I watch the shore grow smaller in the distance, becoming nothing more than a speck on the horizon. After a quick ten minute ride, the boat slows as it approaches the designated dive spot, then comes to a stop. The boat continues to bounce, making it hard to keep my balance as I assemble my gear. Another diver helps with me with my equipment and I return the favor. Before the dive begins, the master gives us some last minute instructions, preparing us for what we will encounter. I listen, but my mind drifts back to the day I received my advanced certification. It was my first deep dive, 80 feet. The dive master warned me that sometimes the change in depth has an intoxicating effect, called narcosis. We had gone down 50 or 60 feet when I started coughing. My breathing regulator was no longer in my mouth and I felt like I was drinking the entire lake. Noticing something was wrong, my instructor quickly placed the regulator back in my mouth and started our ascent to the surface. I kept thinking that I must be drowning, but at the same time I was aware that I was OK. Other than coughing up water the rest of the day, I was fine. But the fear of drowning grips me hard and I push through it.
The tepid water of the Caribbean warms me as I descend into the sea. My buoyancy control device, called a BCD, keeps me afloat as I clear my mask with spit and fit it to my face. Thumbs up and we are ready. I release the air from my BCD and the dive weights cause me to sink. The light dims but I look up to see the glare of bright sunlight at the surface. As I descend, the change in pressure clogs my ears. I hold my nose and blow, causing my ears to pop. The only sound I hear, however, is the rough sound of my breathing, amplified by the regulator. We do not touch bottom for fear of damaging the corals. It’s hard to believe the reef is a living thing. I notice the life around me. Thin finger-like blades of sea grass grows through the fine white sand and dance in the gentle breeze of our passing . Vibrant colors of coral catch my eye. Rustic reds, bright yellows and pale browns cover the bottom. A lacy purple fan stands out from the rest and becomes my favorite. Brightly colored parrot fish dart past me. I try to take a picture but they are much too quick. Reluctantly, I point and shoot, hoping that I get lucky.
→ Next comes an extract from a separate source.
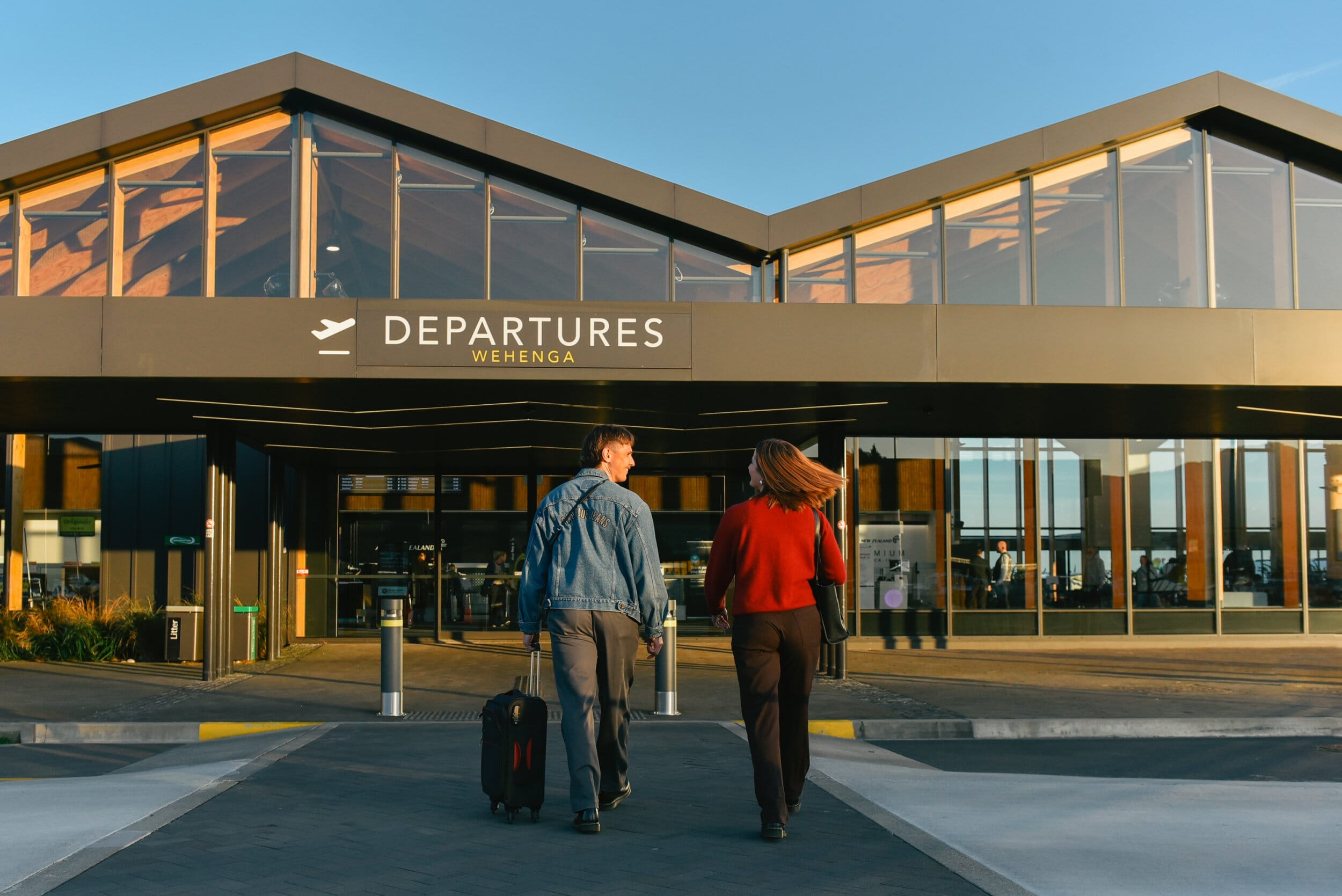 2024 CoupleArriving 4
I have never dived the Caribbean. The closest I have come to experiencing the perfect view of the ocean is snorkeling in Honduras. But that is only an appetizer, enough to wet my appetite for a grander feast.
I don’t know why I am so fascinated with the sea. Maybe being born under the sign of Aquarius had something to do with. But the sea, the ocean, it is like an enchanted kingdom. There is a calmness under the water. Worries disappear and all that matters is right in front of your eyes. I hope one day to be lucky enough to experience it firsthand.